This tutorial develops a simplistic module that leverages optical character recognition (OCR) as supported by JeVois through OpenCV and the Tesseract library, which is available through the OpenCV Text module (including from Python).
Approach
- We need to understand how to perform character recognition in OpenCV using Tesseract as a backend.
- We will grab an image from the camera sensor, read text in it, and display the decoded text in a small area below the captured image. To achieve that, we will create a composite output display as in Creating composite output video frames
Creating the module
- Select New Python Module... from the pull-down menu of JeVois Inventor (or press
CTRL-N
).
Fill in the details as shown below:
So, here we have decided to have a 60-pixel-tall area below the input image, where we will write the decoded text.
- Allow JeVois to restart, select your new module from the Vision Module pull-down menu, and switch to the Code tab of the Inventor.
Writing the code
A bit of web search for OpenCV and Tesseract gets us to https://docs.opencv.org/3.4/d7/ddc/classcv_1_1text_1_1OCRTesseract.html which we will use to get our code going.
Basically, we need to create an OCR object (which we should do only once, hence we will do that in the constructor of our module), and then we will call run()
on it with an image and a confidence level as inputs, getting decoded text (if any) as a result. We can finally send that text to serial and also write it into our output display.
First, let's get the OCR part done, just sending decoded text to serial port. Then we will worry about making the composite display later.
import libjevois as jevois
import cv2
import numpy as np
class TesseractOCR:
def __init__(self):
self.ocr = cv2.text.OCRTesseract_create()
def process(self, inframe, outframe):
img = inframe.getCvBGR()
txt = cv2.text_OCRTesseract.run(self.ocr, img, 50)
jevois.sendSerial('TXT {}'.format(txt))
outframe.sendCv(img)
Enable Module output to USB in the Console tab of the Inventor and... This is working!
- Note
- Note that the OpenCV OCR module is intended (as we understand it) to be run on small, pre-segmented boxes that each is likely to contain only one word and minimal surrounding garbage. This is usually accomplished by some scene text algorithm that is responsible for finding and extracting those boxes. Here, we bypass this step and just send the whole image to OCR. Because of this:
- the algorithm is very slow as we process a whole 320x240 image
- if multiple words are presented, the output shows them concatenated into one
- if garbage is present, it may be decoded as text (as shown in the above log: often the garbage markings below the word Robotics are decoded into something, with varying success...

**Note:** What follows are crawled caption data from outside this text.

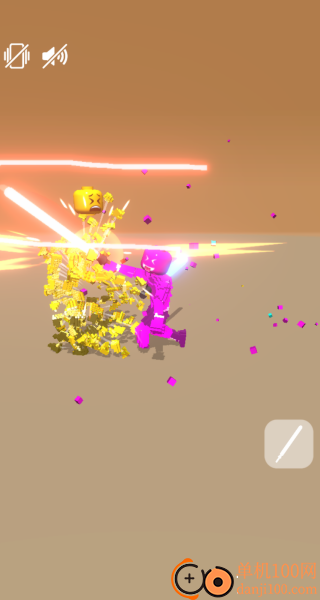 狂野格斗对决游戏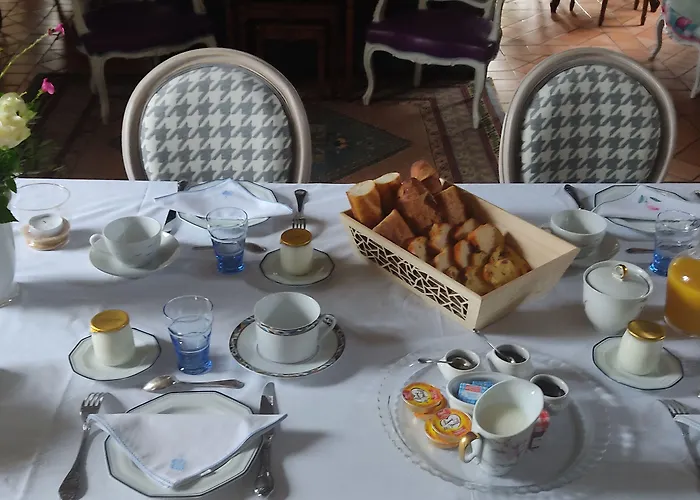 L'angeline Alojamento de Acomodação e Pequeno-almoço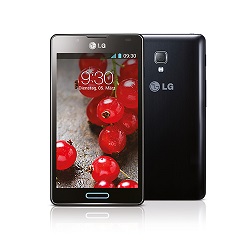 Quite el bloqueo de sim con el cdigo del telfono LG Optimus L7 II P710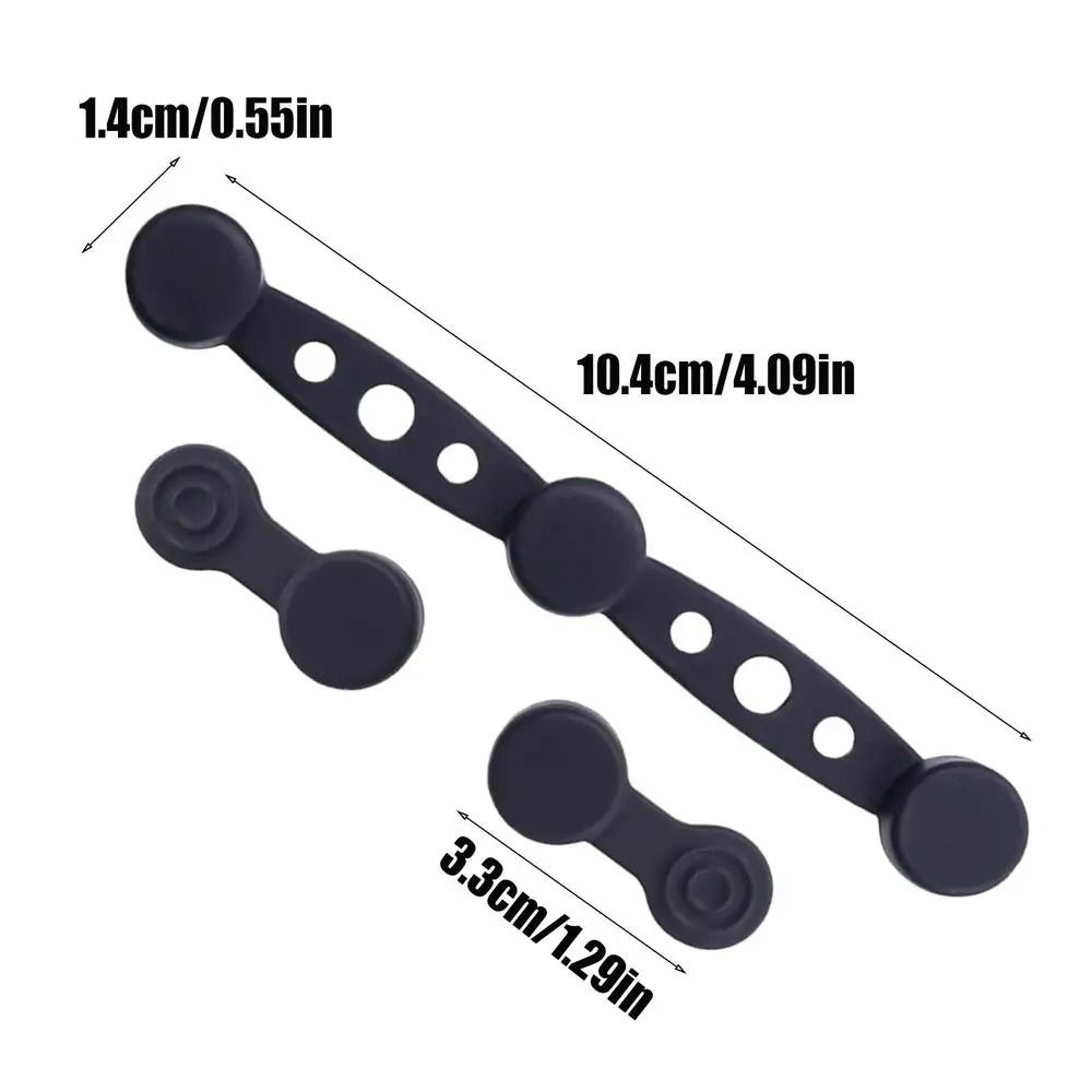 Magnetic Silicone Air Fryer Liner Clips 6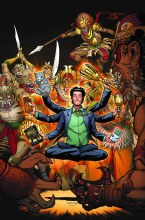 Heroic Age Prince of Power #4 (of 4)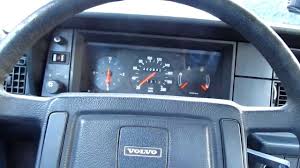 Check spelling or type a new query. Volvo 240 Dl 1986 Interior Dashboard View Youtube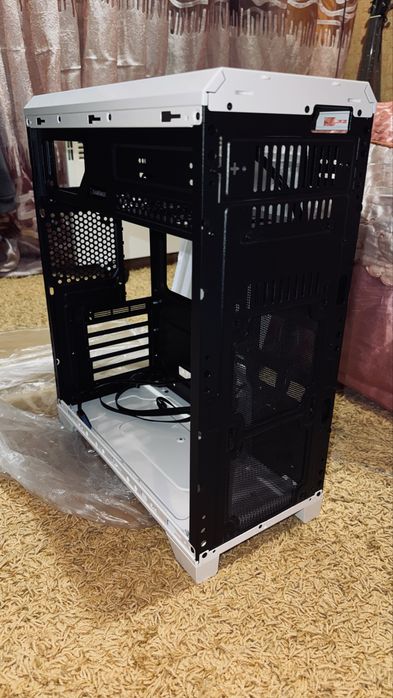 Gamemax G561-FRGB-WH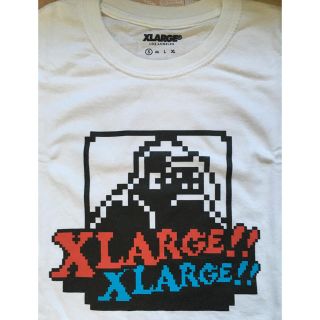 エクストララージ(XLARGE)のXLARGE Tシャツ(Tシャツ/カットソー(半袖/袖なし))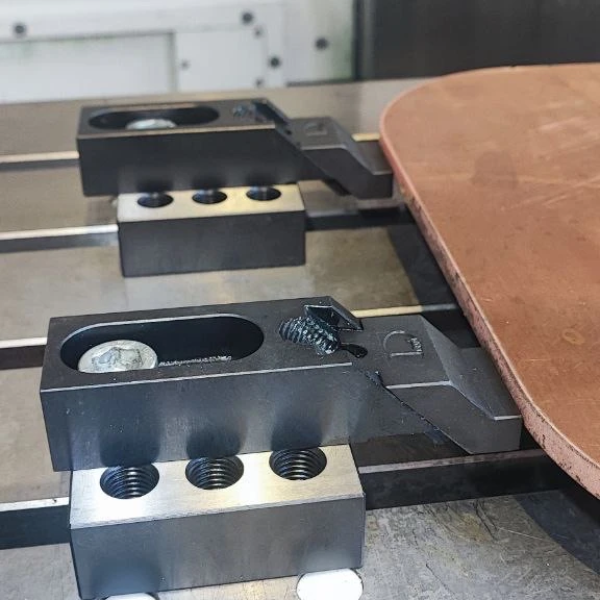 СП1.9-1240 Позиционная плита-адаптер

Adding the composite display output
We now just add a few lines of code to render the decoded text into a small message area below the video frame, and to stack both images up, as in Creating composite output video frames
import libjevois as jevois
import cv2
import numpy as np
class TesseractOCR:
def __init__(self):
self.ocr = cv2.text.OCRTesseract_create()
def process(self, inframe, outframe):
img = inframe.getCvBGR()
txt = cv2.text_OCRTesseract.run(self.ocr, img, 50)
jevois.sendSerial('TXT {}'.format(txt))
msgbox = np.zeros((60, img.shape[1], 3), dtype = np.uint8) + 80
cv2.putText(msgbox, txt, (3, 40), cv2.FONT_HERSHEY_SIMPLEX,
0.8, (255,255,255), 2, cv2.LINE_AA)
out = np.vstack((img, msgbox))
outframe.sendCv(out)
Here we go!
Going further
As mentioned above, better results will be obtained by implementing a pipeline that first extracts candidate boxes around each word, then sends each box to OCR (which can be parallelized over multiple boxes).
See for example https://github.com/opencv/opencv_contrib/blob/master/modules/text/samples/end_to_end_recognition.cpp (but it is written in C++, so some work will be needed to translate to python if desired).